|Polish Delicacies Make For Delicious Dining|
A vegetarian, a coeliac and a weight watcher try out The Knaypa
It’s Wednesday morning and we’re having breakfast which I decide it’s the best time to broach babysitting issues.
“I’ve got a table booked at Knaypa this evening,” I announce to which my husband enthusiastically responded “Great!”
Genuinely concerned about making him feel unwanted I say gently, “Well actually I was planning on going with someone else.”
“Well I’m not going anywhere, the football’s on and now I don’t have to worry about having to entertain you,” he says as he leaves for work with the air of a man who’s just cracked world peace.
The reason I felt bad - got over that one quickly - about going to Knaypa without him was that he had wanted to go to the King Street restaurant ever since one of his colleagues had raved about it. I admit I was surprised as, let's be honest, Polish food doesn’t immediately spring to mind when thinking about fine dining.
My two fellow football refugees and I discovered an eclectically styled restaurant with a large wooden sign displaying a large glass of beer on the exterior which gave no clue to the décor within. Black wallpaper, a curvaceous purple ceiling and high back red leather chairs give the restaurant almost a ‘night-clubby’ feel (not going to make any jokes about pole dancing!) but that could have been the too-loud music. ‘Annie’s after dark’ is perhaps the best way of describing it.
The menu is confusing but certainly authentic. Our very sweet waitress was again authentic but spent most of the evening confused with language proving a tricky hurdle. We did struggle with the menu, which was perhaps not ideal for a vegetarian, a coeliac and a weight watcher, but that was where the frustration ended.

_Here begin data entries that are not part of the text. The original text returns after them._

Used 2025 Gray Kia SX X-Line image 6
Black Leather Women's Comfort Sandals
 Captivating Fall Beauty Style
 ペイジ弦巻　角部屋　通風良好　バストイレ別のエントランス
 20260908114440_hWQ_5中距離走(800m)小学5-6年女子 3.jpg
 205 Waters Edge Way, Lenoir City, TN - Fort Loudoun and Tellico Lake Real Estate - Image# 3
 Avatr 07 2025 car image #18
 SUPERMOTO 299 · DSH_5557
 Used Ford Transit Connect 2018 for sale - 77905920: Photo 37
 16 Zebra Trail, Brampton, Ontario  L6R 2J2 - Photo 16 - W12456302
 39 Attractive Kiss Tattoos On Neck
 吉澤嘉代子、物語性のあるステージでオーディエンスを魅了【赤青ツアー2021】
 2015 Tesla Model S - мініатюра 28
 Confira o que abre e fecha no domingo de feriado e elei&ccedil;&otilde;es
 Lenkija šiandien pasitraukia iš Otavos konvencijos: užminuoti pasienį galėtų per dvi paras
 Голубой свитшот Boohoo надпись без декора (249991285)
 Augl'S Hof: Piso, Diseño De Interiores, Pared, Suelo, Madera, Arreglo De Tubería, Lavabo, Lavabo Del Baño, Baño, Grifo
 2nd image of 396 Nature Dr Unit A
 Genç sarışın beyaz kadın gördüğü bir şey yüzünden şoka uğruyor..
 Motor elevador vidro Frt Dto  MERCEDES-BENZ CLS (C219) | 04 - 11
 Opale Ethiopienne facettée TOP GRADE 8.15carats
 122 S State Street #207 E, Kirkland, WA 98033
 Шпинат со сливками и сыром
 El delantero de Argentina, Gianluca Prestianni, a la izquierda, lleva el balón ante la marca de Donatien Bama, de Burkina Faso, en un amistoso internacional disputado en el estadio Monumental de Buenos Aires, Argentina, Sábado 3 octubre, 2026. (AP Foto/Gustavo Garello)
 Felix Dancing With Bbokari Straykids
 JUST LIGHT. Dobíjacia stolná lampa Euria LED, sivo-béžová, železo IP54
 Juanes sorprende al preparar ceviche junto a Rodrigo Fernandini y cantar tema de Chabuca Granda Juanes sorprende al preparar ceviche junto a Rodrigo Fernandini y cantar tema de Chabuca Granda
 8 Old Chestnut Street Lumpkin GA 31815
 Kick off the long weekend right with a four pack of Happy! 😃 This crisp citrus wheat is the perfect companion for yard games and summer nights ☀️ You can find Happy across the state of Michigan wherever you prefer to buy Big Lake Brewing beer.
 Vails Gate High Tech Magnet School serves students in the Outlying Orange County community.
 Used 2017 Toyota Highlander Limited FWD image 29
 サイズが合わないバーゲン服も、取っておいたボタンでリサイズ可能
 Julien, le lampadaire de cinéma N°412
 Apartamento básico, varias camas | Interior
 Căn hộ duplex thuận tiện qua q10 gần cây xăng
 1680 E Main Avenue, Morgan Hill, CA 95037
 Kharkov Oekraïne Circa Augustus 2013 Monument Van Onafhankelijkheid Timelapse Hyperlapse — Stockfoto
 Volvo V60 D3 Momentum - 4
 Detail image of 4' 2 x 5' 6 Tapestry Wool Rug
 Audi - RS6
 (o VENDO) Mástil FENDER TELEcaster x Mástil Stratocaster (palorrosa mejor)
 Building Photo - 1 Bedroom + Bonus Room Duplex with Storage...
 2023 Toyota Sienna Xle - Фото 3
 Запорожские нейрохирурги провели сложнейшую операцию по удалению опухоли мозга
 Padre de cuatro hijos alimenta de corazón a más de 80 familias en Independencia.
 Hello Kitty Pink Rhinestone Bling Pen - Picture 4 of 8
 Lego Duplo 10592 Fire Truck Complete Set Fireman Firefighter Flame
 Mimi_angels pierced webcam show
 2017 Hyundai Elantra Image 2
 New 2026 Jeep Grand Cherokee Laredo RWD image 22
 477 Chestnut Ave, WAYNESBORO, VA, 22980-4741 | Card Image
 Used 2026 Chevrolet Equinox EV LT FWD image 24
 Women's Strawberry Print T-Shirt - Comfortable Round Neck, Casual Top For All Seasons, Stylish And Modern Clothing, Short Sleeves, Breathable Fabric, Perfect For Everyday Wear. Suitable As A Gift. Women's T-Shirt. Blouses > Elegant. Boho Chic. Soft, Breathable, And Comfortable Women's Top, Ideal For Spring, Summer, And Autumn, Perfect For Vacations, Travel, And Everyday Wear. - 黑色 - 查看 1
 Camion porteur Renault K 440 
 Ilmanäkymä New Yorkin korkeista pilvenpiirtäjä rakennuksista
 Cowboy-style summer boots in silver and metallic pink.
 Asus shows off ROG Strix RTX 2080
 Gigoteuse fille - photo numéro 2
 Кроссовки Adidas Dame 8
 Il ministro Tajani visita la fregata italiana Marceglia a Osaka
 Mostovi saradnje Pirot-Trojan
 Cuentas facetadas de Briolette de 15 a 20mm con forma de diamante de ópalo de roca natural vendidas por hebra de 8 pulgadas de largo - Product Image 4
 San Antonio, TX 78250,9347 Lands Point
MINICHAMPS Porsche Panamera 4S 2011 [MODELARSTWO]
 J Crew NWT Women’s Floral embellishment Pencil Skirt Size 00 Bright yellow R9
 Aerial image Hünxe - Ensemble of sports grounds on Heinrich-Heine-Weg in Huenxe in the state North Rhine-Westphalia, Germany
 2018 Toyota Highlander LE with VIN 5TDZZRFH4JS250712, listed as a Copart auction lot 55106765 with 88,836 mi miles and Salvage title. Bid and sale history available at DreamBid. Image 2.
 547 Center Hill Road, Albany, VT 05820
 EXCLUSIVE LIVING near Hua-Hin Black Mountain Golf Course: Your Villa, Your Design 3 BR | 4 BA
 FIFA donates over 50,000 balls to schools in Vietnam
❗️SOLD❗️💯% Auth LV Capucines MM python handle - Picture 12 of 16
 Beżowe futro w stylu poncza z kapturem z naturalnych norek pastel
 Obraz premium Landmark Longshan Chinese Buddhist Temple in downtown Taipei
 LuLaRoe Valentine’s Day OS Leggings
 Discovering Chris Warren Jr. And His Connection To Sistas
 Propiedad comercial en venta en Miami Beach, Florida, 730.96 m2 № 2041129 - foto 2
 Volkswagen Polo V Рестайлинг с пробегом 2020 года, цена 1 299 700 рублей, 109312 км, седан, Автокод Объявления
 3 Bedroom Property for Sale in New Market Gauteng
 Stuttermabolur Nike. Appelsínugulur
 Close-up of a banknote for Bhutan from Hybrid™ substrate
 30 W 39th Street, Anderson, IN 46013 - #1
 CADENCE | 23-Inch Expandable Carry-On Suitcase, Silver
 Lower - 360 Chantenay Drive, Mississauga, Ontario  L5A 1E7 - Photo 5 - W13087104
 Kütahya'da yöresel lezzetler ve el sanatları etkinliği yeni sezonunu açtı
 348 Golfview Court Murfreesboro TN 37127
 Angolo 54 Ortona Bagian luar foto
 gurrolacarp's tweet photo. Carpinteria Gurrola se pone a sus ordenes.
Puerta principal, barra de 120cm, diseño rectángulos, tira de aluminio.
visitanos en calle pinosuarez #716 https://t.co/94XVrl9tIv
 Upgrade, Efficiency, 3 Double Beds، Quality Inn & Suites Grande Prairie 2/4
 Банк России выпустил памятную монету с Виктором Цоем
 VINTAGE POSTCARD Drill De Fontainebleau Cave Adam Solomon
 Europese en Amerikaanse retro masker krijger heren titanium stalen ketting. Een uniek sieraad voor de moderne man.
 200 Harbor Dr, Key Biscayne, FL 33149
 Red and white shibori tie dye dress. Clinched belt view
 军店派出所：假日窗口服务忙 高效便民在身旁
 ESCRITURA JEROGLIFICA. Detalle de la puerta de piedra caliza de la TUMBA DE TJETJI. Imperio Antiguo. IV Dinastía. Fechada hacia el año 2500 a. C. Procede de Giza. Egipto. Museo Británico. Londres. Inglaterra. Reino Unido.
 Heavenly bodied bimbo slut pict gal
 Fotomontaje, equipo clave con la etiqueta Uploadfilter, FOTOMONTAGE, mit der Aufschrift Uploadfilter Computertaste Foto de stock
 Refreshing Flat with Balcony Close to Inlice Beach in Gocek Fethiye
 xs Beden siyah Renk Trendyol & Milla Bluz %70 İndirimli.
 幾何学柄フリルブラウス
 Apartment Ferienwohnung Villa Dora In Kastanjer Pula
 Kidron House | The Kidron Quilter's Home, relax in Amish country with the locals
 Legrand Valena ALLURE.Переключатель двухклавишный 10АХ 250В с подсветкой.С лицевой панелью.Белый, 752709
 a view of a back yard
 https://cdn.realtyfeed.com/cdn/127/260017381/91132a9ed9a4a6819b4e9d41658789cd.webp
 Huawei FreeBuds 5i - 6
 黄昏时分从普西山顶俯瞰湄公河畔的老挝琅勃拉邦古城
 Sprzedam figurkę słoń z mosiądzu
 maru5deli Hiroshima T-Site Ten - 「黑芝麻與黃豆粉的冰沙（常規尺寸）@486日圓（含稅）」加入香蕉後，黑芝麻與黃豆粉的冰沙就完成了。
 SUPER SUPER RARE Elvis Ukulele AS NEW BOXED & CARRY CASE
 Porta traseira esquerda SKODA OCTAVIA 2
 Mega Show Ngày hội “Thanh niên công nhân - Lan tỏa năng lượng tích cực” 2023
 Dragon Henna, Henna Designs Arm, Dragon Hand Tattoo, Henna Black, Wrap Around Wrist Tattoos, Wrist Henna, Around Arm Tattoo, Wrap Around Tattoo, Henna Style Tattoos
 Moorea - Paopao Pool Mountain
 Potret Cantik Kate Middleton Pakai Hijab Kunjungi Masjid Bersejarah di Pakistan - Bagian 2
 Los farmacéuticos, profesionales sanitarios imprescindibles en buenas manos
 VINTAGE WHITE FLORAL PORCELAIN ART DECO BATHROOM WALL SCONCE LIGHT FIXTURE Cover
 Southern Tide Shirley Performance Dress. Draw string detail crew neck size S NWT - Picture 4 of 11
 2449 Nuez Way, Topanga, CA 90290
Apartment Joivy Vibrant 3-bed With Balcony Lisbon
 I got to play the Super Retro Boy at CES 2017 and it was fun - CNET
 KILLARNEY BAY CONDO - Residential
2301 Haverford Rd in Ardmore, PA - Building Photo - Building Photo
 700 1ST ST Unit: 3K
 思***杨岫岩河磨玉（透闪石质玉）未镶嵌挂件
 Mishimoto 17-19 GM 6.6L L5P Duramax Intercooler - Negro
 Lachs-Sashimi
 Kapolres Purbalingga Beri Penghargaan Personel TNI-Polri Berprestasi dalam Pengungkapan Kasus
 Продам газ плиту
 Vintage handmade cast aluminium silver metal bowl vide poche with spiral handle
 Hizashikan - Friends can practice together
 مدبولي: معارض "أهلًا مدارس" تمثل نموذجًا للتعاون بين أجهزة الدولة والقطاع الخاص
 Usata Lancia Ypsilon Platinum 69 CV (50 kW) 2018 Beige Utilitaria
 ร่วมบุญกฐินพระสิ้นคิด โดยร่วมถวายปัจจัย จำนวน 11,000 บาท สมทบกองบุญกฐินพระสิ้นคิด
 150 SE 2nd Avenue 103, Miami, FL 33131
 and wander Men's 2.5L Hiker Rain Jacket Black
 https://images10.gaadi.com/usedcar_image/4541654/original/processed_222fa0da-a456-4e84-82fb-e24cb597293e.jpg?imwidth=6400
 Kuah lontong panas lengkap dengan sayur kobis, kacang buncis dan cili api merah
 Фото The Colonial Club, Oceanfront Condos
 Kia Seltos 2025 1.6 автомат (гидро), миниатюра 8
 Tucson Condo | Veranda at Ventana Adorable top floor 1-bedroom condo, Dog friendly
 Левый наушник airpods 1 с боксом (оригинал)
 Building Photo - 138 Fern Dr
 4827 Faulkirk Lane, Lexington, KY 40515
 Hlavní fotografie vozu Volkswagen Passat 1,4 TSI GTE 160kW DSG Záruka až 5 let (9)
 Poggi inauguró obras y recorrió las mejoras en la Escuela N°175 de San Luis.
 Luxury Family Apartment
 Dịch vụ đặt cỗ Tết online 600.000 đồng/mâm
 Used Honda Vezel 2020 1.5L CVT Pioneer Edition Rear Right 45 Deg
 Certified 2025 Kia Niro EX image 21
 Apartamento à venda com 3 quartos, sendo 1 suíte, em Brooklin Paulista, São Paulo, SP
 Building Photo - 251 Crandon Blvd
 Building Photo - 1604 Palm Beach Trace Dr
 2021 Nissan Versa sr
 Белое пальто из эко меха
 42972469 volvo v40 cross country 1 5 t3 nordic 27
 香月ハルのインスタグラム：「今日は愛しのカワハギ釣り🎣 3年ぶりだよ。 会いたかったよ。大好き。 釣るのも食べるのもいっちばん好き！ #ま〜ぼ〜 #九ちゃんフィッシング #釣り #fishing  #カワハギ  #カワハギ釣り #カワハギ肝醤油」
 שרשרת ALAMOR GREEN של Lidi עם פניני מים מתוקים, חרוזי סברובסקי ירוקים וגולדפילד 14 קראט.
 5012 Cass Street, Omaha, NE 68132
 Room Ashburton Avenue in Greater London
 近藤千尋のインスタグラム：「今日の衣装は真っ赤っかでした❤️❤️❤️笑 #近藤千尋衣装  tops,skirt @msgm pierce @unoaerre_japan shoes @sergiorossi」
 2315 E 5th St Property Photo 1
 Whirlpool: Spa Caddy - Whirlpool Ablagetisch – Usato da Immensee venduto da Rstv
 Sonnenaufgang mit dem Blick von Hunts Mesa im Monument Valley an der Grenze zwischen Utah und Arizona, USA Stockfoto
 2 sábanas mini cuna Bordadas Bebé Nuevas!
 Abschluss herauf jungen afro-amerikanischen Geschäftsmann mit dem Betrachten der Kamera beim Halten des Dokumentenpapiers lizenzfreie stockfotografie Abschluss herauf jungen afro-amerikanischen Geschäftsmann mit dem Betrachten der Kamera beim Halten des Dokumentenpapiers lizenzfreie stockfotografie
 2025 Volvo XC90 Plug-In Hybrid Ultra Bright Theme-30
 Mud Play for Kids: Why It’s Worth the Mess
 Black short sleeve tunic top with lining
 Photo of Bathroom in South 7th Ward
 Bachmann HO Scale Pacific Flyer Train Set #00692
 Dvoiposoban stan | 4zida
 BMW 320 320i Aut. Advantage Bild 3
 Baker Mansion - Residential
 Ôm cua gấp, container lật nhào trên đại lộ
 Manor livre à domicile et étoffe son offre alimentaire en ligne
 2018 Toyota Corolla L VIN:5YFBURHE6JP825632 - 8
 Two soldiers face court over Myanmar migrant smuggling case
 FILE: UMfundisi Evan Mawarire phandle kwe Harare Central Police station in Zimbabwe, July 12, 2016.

To start we ordered Borscht - a cold beetroot soup with mushroom ravioli (£4.59), Pierogi – small parcels of (we think) pasta with sauerkraut and mushrooms (£4.49) and herrings with sour cream and onions (£4.29).
An amuse bouche, of what we guessed was a Polish style pate, arrived with bread to keep us going while we waited for our starters. It smelt delicious and the tiny bit I ate was not bad but, forgive me, that was all I could do with something that advertised the fact that it contained double fried lard. Like the restaurant’s exterior, this dish gave no hint at the delight that was to come.
All three starters arrived well presented; especially the Pierogi which we decided was the prettiest plate we’d seen in a while. What struck all three of us was the quality of the ingredients. Much to many people’s disgust, I’m a great fan of herrings and these were easily the best I’d had in memory. Again with the Pierogi from the filling to the sauce it was very good as was the beetroot soup.
The mains again were a great treat. I was drawn to the veal rump with fried cabbage (£11.99) because of its simplicity and very happy I was. Again it was not just the preparation and presentation of the dish but the quality of the meat that made it what it delicious.
The slow cooked pork shank with pureed potatoes (£9.99) was sublime as was the stack of cheese and spinach potato cakes (£7.49) so vast they went unfinished. I’ve just realised they didn’t make it into the doggy bag my petite friend usually takes home to her husband. A real shame, he would have loved them as much as she did.
We really didn’t need to, certainly had no space for, but went ahead and ordered a baked traditional cheesecake (£3.99) and crepes with whipped cream and berries (£3.99) to share for dessert. Again quality of ingredients and presentation made both very enjoyable and did much to detract from the guilt of gorging on such richness.
Two bottles of Pino Grigio (£16.50) brought the final bill to £86.82.
Knaypa has a website www.theknaypa.co.uk which I feel doesn’t do the restaurant great service but gives an idea of what’s on offer.
Well worth a visit.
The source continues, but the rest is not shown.